Раз все прочее у него в жизни ушло под землю; раз он вышел на траекторию, при которой сирены фигурировали лишь как один параметр, Фаусто осознал, что старым заветам, прежним соглашениям с Богом тоже придется поменяться. Ради хотя бы рабочей значимости для Бога, стало быть, Фаусто сделал в точности то же самое, что делал ради дома, пропитания, супружеской любви: прибегнул к подручным средствам – «обошелся тем, что было». Но английскость в нем никуда не девалась, она вела дневник.
Дитя – ты – здоровело, становилось активнее.
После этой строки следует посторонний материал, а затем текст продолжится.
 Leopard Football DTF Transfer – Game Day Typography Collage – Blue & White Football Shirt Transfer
К 42-му ты влилась в буйную шайку детворы, чьим главным развлечением была игра под названием «В. В. С.». Между налетами с десяток вас вываливали на улицы, раскидывали руки, как аэропланы, и бегали, вопя и жужжа, среди развалин стен, куч щебня и городских воронок. Мальчишки покрепче и повыше, конечно, были «спитфайрами». Прочие – непопулярные мальчишки, девчонки и малышня – изображали вражеские самолеты. Ты обычно бывала, по-моему, итальянским дирижаблем. Самая летучая девочка-шарик на всем отрезке канализации, которую мы в тот сезон занимали. Травимая, загнанная, уворачиваясь от камней и палок, которые в тебя швыряли, ты всякий раз, с «итальянским» проворством, коего требовала твоя роль, умудрялась избегать покорения. Но неизменно, перехитрив противника, ты в итоге исполняла свой патриотический долг тем, что сдавалась. И лишь когда сама была готова.
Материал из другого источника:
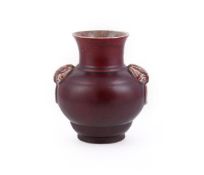 A Chinese flambé twin-handled vase
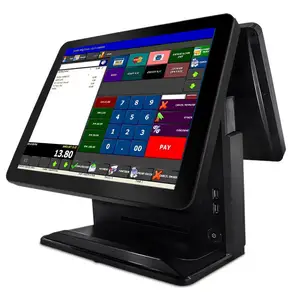Doppel-Touchscreen-Terminal Pos mit Scanner/Kassen schublade/Kartenleser/58mm oder 80mm Drucker kasse
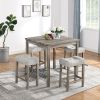 Dining Table, Bar Table and Chairs Set, 5 Piece Dining Table Set, Industrial Breakfast Table Set, for Living Room, Dining Room, Game Room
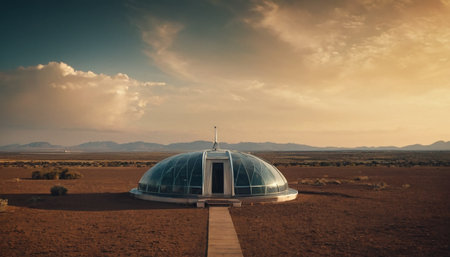 Astronomical observatory in the desert of Namibia, Africaの素材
Твоя мать и Фаусто почти все время были не с тобой: медсестра и сапер. Ты оставалась с двумя крайностями нашего подземного общества: со стариками, для кого едва ли существовала разница между внезапным и постепенным несчастьем, и молодежью – твоим подлинным народцем, – кто бессознательно создавал отдельный мир, прототип того, какой унаследует Фаусто III – уже устаревший. Нейтрализовались ли эти две силы и бросили тебя на одиноком мысу между двумя мирами? По-прежнему ль ты способна смотреть в обе стороны, дитя? Если да, ты находишься в завидном выгодном положении: все та же драчливая четырехлетка с историей, прячущейся в естественном укрытии. Нынешний Фаусто смотреть может лишь назад, на отдельные фазы собственной истории. Никакой непрерывности. Никакой логики. «История, – писал Днубитна, – есть ступенчатая функция».
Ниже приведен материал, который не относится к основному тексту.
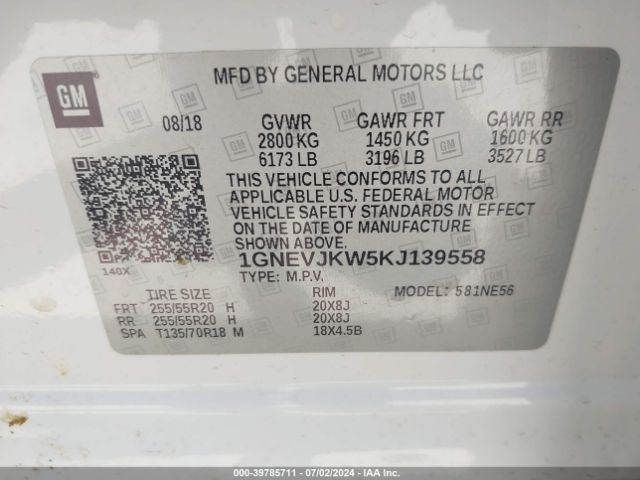 1GNEVJKW5KJ139558 Chevrolet Traverse High Country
Слишком ли верил Фаусто: была ли Общность подложной, компенсацией за какой-то провал как отца и супруга? По меркам мирного времени он определенно провалился. Нормальным довоенным курсом было бы медленно врастать в любовь к Элене и Паоле по мере того, как молодой человек, до времени вброшенный в женитьбу и отцовство, учился бы брать на себя ту ношу, какая во взрослом мире выпадает на долю каждого мужчины.
Но Осада создала различные ноши, и невозможно было сказать, чей мир реальнее: детей или родителей. Несмотря на всю свою грязь, гвалт и грубость, детишки Мальты выполняли функцию поэтическую. Игра в «В. В. С.» была лишь одной метафорой, которую они измыслили, дабы завуалировать имеющийся мир. К чьей выгоде? Взрослые были на работе, старикам все равно, сами детишки все «посвящены» в тайну. Должно быть, за неимением лучшего: пока их мышцы и мозги не развились до того, чтобы смогли они взять на себя часть работы в той руине, коей становился их остров. То было выжидание: поэзия в вакууме.
Паола: дитя мое, дитя Элены, но превыше прочего – всей Мальты, ты была одной из них. Эти дети знали, что́ происходит: знали, что бомбы убивают. Но что есть человек, в конце-то концов? Ничем он не отличается от церкви, обелиска, статуи. Важно только одно: всегда выигрывает бомба. Их взгляд на смерть был не-человеческим. Непонятно, лучше ли получается с нашими взрослыми отношениями, и без того безнадежно запутавшимися в любви, общественных формах и метафизике. Явно в детском способе было поболе здравого смысла.
Дети перемещались по Валлетте собственными маршрутами, в основном – под землей. Фаусто II регистрирует их отдельный мир, наложенный на разбомбленный город: драные племена, разбросанные по Шаръит-Меууия, то и дело устраивают междоусобные схватки. По краям поля зрения – разведотряды и команды фуражиров, вечно шныряют.